On March
30, 2018 at Ethos3 Kelly Allison blogged about 5 Shocking Public Speaking Statistics,
and opened by claiming:
“There’s
a lot of misinformation and false statistics floating around out there with
regard to public speaking and specifically public speaking fear (AKA
glossophobia). For instance, maybe you’ve seen the ever-prevalent stat that 75%
of people have a deep fear of it? Well, turns out that’s not even close to
true. We did our homework and found some stats that are actually true. Below
you will discover our findings.”
But she
didn’t really do her homework (dig all the way down to primary sources), so her first three are way off the mark. (I knew they were nonsense, but have
not bothered to chase down the other two). Their first two are that Fear
of public speaking cuts wages by 10% and Fear of public speaking inhibits
promotion to management by 15%. She linked to Peter Khoury’s awful December 13,
2016 blog post at Magnetic Speaking titled 7 Unbelievable “Fear of Public
Speaking” Statistics (which talks about the 75%). Two days later I had blogged
about it in a post titled Believable and unbelievable statistics about fears
and phobias of public speaking. Mr. Khoury claimed both percentages came from a
publication at Columbia University, but it just had mentioned those results in
the 13th slide, and actually referred to a magazine article by Daniel
Katzelnick et al titled Impact of Generalized Social Anxiety Disorder in
Managed Care which had appeared in the American Journal of Psychiatry, December
2001, pages 1999 to 2007. But that article never ever uses the words public,
speaking, or fear.

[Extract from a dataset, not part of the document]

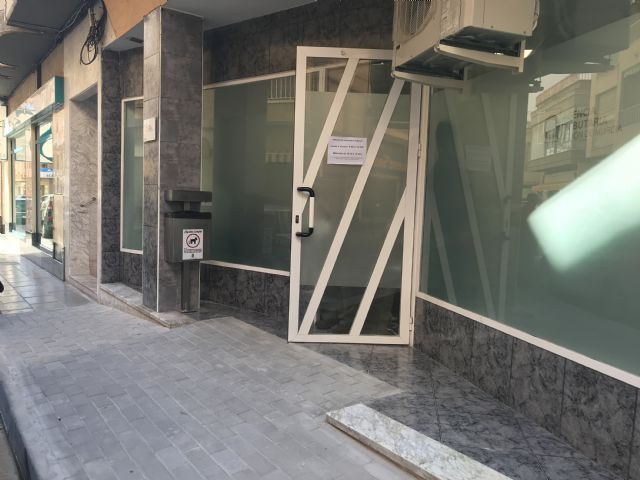 Concluyen las obras para mejorar la accesibilidad a la oficina de la Agencia Tributaria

As the title says, it really is about social phobia which is
a broader topic than public speaking but apples to a higher level of fear. On
page 2003 it says that:
“…generalized social anxiety disorder is associated with 10%
lower wages”
….and a 14-percentage point lower probability of being in a
managerial, technical, or professional occupation.”
The third ‘statistic’ claims that your delivery matters more
than your content. Specifically:
“Studies
suggest that effective presentations are 38% your voice, 55% non-verbal
communication, and only 7% your content.”
That commonly is known as the Mehrabian myth. I blogged
about it back on July 25, 2009 in a post titled Bullfighting the Mehrabian myth
and again on September 15, 2010 in another post titled If the Mehrabian myth
was true.
The astonished
monkey cartoon came from Openclipart.